AIM OF THE EXERCISE: Restate, exactly and without pictures, the lines from the start of the listing below through the line holding "When planting a".

DATASET SECTION:
■ ■ ■ ■
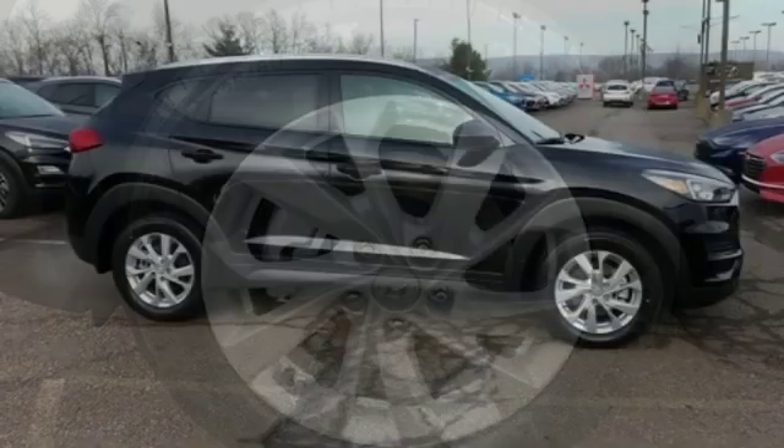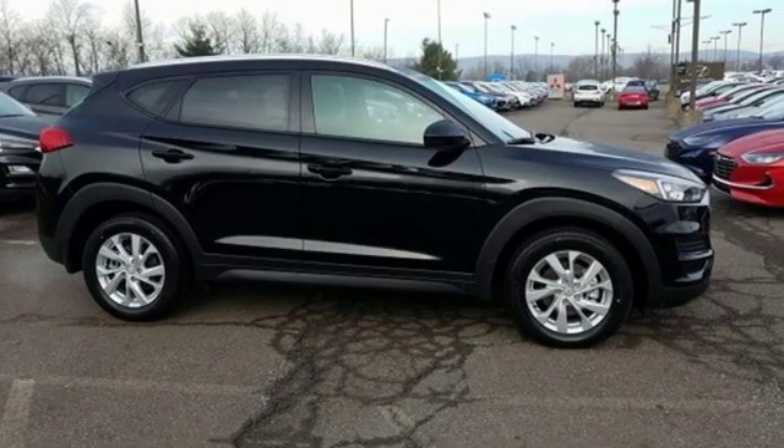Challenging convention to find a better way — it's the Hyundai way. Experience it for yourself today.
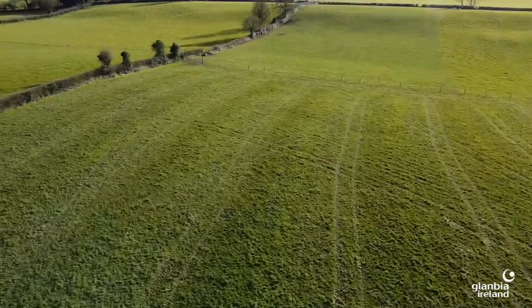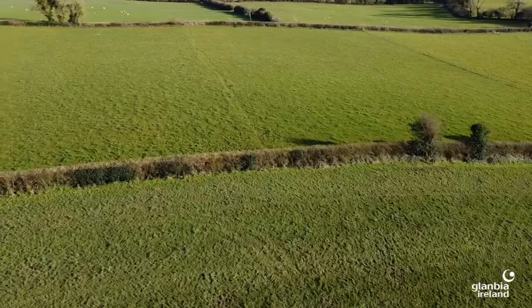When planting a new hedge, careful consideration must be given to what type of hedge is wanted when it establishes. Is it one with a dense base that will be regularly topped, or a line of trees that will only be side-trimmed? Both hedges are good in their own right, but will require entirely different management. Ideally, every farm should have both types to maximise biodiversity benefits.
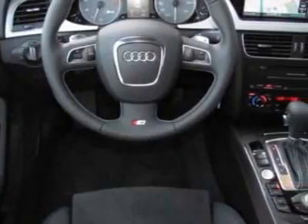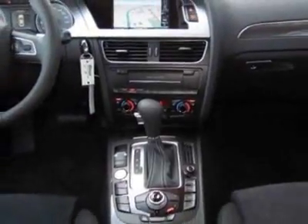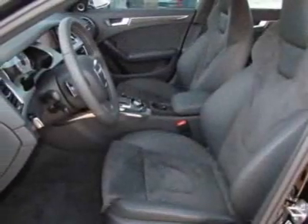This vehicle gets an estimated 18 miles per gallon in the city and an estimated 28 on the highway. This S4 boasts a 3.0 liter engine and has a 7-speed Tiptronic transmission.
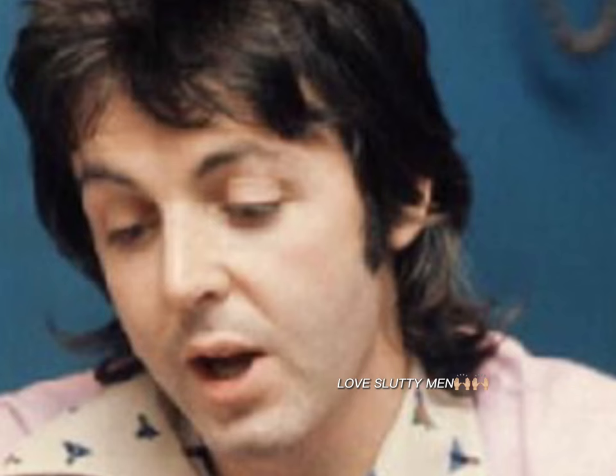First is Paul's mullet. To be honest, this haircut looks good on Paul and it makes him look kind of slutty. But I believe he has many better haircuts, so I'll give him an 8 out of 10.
■ ■ ■ ■
ANSWER TO THE PROBLEM:
Challenging convention to find a better way — it's the Hyundai way. Experience it for yourself today.
When planting a new hedge, careful consideration must be given to what type of hedge is wanted when it establishes. Is it one with a dense base that will be regularly topped, or a line of trees that will only be side-trimmed? Both hedges are good in their own right, but will require entirely different management. Ideally, every farm should have both types to maximise biodiversity benefits.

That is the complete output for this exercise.